## Prompt
What is needed is the exact text of each line in the listing below from the one with "Moroccan Berber Rug" up to and including the one with "38 Inch Tiering", and no pictures.
START Data section
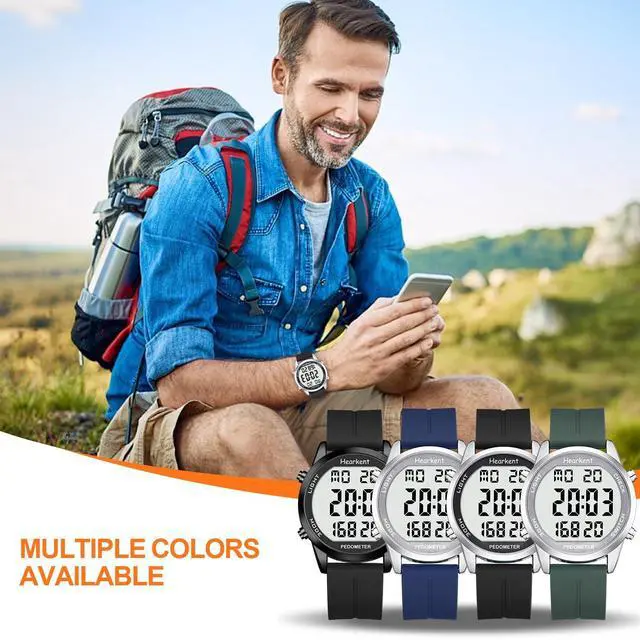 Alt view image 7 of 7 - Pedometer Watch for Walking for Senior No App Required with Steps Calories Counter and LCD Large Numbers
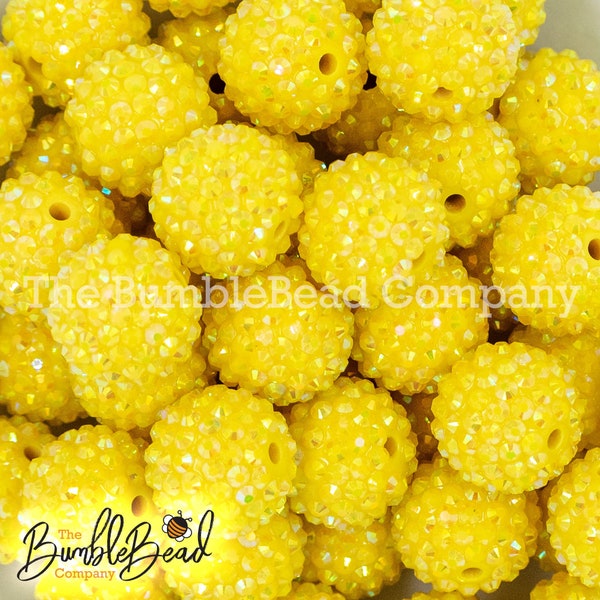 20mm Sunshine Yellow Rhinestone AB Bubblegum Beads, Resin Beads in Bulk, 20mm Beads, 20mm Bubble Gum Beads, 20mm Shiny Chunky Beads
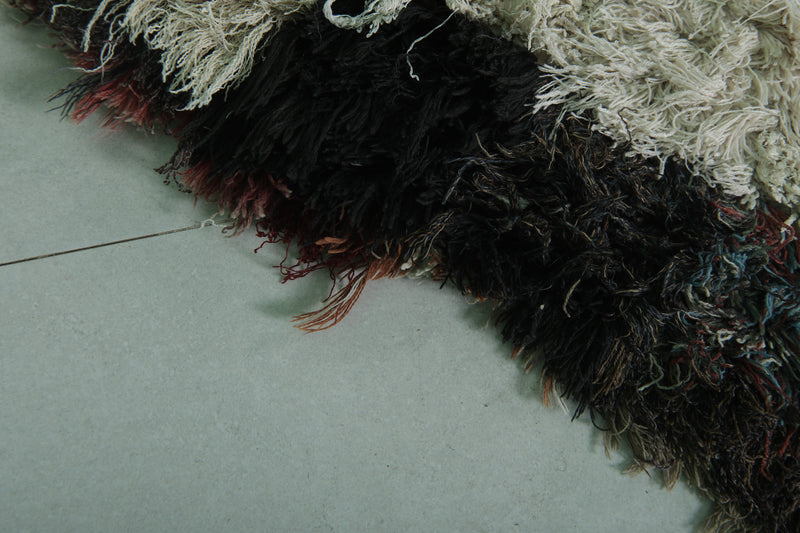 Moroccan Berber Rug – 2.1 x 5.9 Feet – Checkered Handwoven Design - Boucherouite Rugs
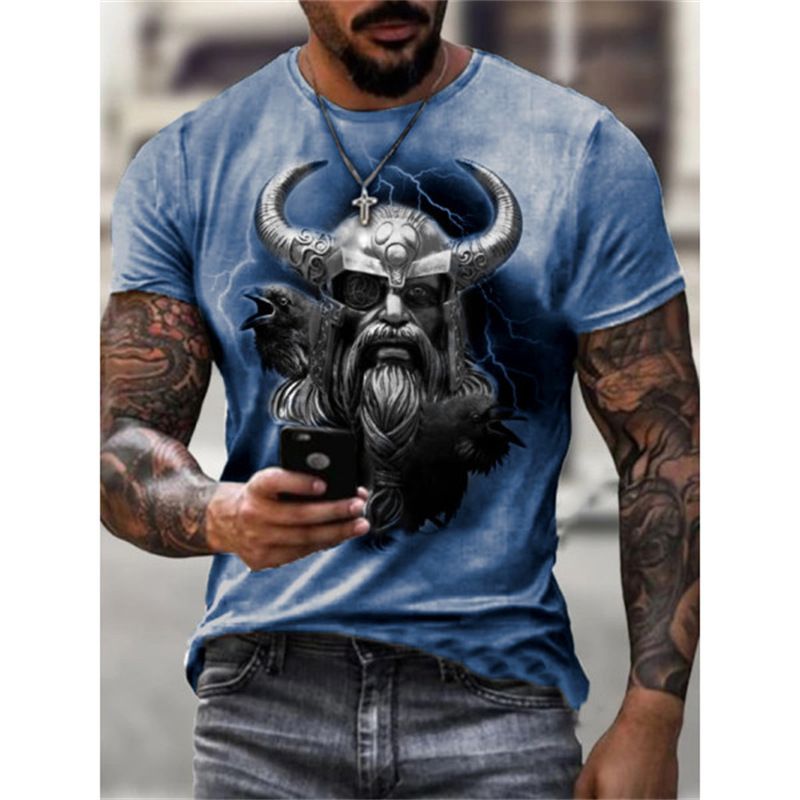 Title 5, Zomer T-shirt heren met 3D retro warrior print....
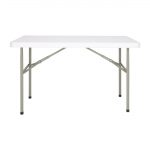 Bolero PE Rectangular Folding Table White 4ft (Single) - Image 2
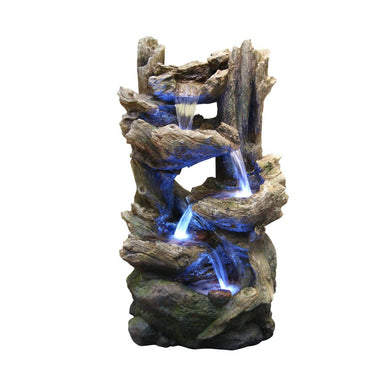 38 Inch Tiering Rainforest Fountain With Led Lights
END Data section
START Data section
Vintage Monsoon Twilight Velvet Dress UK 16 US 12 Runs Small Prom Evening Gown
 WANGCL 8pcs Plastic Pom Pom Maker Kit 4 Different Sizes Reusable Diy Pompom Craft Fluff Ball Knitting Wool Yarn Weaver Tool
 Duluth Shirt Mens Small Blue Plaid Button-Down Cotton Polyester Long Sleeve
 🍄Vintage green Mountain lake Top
END Data section
## Answer for the task
 Moroccan Berber Rug – 2.1 x 5.9 Feet – Checkered Handwoven Design - Boucherouite Rugs
 Title 5, Zomer T-shirt heren met 3D retro warrior print....
 Bolero PE Rectangular Folding Table White 4ft (Single) - Image 2
 38 Inch Tiering Rainforest Fountain With Led Lights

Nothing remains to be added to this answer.